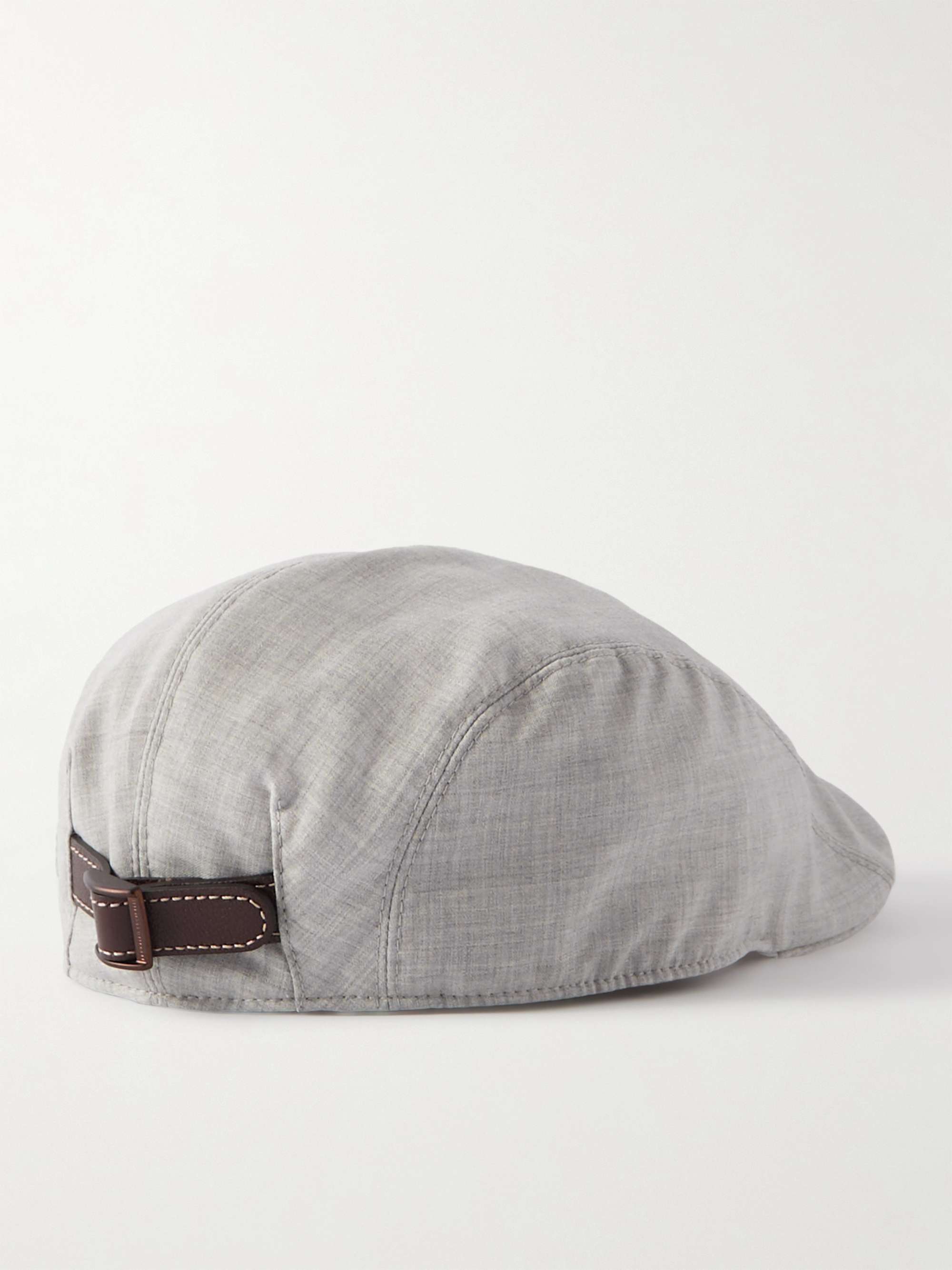 BRUNELLO CUCINELLI Leather-Trimmed Virgin Wool Flat Cap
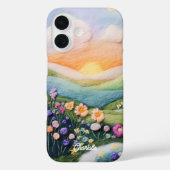 Trendy Moderne Bloemen Zonsondergang Gepersonalise Case-Mate iPhone Case (Achterkant)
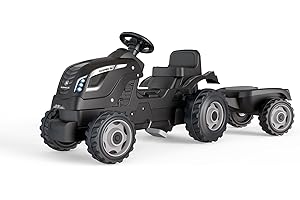 Smoby - Farmer XL Czarny Traktor + Przyczepa - Traktor na pedały dla dzieci - Regulowane Siedzenie - Kierownica z Klaksonem - Otwierana Maska - Od 3 Lat - Wyprodukowano We Francji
++++++++
What you give back should be exactly the lines from the line holding "Trendy Moderne Bloemen" through the final line of the material, both ends included, and please leave out the pictures.

 Trendy Moderne Bloemen Zonsondergang Gepersonalise Case-Mate iPhone Case (Achterkant)
 Smoby - Farmer XL Czarny Traktor + Przyczepa - Traktor na pedały dla dzieci - Regulowane Siedzenie - Kierownica z Klaksonem - Otwierana Maska - Od 3 Lat - Wyprodukowano We Francji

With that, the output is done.